Banned in most parts of the world, DDT is still being produced at plants in China and India

March 17, 2009

A new study by an Arnold School scientist has an echo of Rachel Carson’s voice nearly 50 years after her pivotal book, Silent Spring, stunned the public about the risks of pesticides.

In 1964, Carlson so thoroughly documented the threat from DDT, a widely used pesticide, that eight years later the U.S. government banned it forever.

But Dr. Wilfried Karmaus of the Arnold School's Department of Epidemiology and Biostatistics has found that the ban didn't end the issue.

Wilfried Karmaus

Wilfried Karmaus

Karmaus and a team of researchers from Michigan State University and Ohio State University have found that DDE, a contaminant or breakdown product of DDT, is still having harmful health consequences.
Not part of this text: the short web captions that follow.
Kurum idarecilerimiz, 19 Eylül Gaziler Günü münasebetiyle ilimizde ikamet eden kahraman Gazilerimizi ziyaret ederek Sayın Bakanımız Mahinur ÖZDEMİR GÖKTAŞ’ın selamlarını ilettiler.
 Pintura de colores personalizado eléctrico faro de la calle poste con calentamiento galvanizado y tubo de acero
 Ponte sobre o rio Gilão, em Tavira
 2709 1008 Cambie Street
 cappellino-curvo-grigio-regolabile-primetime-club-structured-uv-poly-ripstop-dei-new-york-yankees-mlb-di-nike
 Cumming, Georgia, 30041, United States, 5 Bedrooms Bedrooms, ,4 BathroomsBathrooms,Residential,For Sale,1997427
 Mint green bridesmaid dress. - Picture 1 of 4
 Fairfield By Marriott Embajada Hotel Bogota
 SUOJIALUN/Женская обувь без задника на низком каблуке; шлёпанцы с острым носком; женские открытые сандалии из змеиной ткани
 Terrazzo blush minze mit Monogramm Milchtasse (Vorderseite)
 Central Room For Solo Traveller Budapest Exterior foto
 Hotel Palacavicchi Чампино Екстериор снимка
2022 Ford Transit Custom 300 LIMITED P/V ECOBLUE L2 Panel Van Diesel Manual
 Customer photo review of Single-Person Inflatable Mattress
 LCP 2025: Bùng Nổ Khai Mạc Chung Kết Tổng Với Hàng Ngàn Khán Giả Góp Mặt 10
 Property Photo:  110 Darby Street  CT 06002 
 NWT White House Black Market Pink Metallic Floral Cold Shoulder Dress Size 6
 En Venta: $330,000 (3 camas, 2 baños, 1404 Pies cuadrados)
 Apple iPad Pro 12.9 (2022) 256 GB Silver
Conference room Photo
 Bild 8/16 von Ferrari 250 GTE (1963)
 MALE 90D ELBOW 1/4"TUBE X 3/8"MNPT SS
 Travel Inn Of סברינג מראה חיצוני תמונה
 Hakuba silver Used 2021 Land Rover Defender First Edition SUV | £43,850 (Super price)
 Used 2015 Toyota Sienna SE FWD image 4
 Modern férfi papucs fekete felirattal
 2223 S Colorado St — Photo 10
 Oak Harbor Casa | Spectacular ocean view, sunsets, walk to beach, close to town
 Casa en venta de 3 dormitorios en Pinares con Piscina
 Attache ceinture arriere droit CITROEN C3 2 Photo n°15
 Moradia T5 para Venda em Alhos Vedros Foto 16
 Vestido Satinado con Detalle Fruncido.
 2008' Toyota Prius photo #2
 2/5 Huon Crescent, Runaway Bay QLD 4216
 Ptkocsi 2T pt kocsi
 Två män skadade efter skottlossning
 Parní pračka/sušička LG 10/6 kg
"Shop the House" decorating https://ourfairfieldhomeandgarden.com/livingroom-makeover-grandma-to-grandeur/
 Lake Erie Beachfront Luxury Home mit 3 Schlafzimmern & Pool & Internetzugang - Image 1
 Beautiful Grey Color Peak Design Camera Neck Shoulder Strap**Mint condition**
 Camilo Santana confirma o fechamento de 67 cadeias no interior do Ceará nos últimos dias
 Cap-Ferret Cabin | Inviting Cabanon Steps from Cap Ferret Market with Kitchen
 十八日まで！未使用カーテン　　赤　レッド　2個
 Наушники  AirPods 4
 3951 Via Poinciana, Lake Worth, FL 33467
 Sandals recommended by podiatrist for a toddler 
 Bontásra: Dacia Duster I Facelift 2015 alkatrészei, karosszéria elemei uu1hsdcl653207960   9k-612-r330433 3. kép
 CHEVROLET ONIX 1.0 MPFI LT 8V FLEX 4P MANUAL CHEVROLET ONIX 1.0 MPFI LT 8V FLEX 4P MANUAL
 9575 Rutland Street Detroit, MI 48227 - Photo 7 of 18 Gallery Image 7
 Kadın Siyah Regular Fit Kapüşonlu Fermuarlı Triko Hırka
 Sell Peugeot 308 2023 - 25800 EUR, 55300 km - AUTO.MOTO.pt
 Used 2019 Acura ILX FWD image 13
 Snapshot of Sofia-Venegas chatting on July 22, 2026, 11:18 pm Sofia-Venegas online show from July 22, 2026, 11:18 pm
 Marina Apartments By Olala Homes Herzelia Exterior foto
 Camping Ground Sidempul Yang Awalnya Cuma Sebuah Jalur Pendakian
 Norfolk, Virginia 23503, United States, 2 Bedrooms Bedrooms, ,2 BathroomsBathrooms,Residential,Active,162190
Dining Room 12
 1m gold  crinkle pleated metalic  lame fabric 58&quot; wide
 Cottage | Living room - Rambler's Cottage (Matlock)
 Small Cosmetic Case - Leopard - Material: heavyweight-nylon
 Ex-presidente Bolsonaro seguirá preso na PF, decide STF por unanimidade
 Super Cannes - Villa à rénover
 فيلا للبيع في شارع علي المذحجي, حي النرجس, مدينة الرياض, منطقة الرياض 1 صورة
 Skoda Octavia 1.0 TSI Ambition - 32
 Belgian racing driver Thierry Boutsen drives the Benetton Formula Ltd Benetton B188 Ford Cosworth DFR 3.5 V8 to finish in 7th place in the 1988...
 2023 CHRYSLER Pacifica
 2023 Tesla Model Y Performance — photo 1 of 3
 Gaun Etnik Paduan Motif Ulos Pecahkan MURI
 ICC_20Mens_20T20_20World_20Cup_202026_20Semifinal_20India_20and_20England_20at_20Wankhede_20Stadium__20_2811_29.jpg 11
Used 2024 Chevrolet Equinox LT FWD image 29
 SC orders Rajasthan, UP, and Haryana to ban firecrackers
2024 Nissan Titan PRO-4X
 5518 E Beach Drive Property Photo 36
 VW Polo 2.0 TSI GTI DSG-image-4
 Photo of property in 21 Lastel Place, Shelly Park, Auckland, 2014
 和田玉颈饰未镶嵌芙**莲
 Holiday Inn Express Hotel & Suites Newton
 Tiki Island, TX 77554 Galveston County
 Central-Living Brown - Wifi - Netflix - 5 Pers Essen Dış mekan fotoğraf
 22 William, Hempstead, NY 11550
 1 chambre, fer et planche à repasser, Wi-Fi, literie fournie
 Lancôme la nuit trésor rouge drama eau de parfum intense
Their research indicates that DDE may be a contributor to obesity in the daughters of women who were exposed to the compound when they were pregnant and consumed fish contaminated with the compound.

“Our findings support the hypothesis that the fetus may be vulnerable to prenatal chemical disruption, resulting in a tendency later in life to increased body weight,” Karmaus noted in the journal Occupational and Environmental Medicine.

Karmaus said other possible endocrine effects of DDE include a “higher rate of preterm delivery, reduced growth in girls, a reduction in breastfeeding, earlier age at menarche (menstruation), higher fecundity (potential reproductive capacity), earlier age at menopause, and an elevated relative risk for diabetes.”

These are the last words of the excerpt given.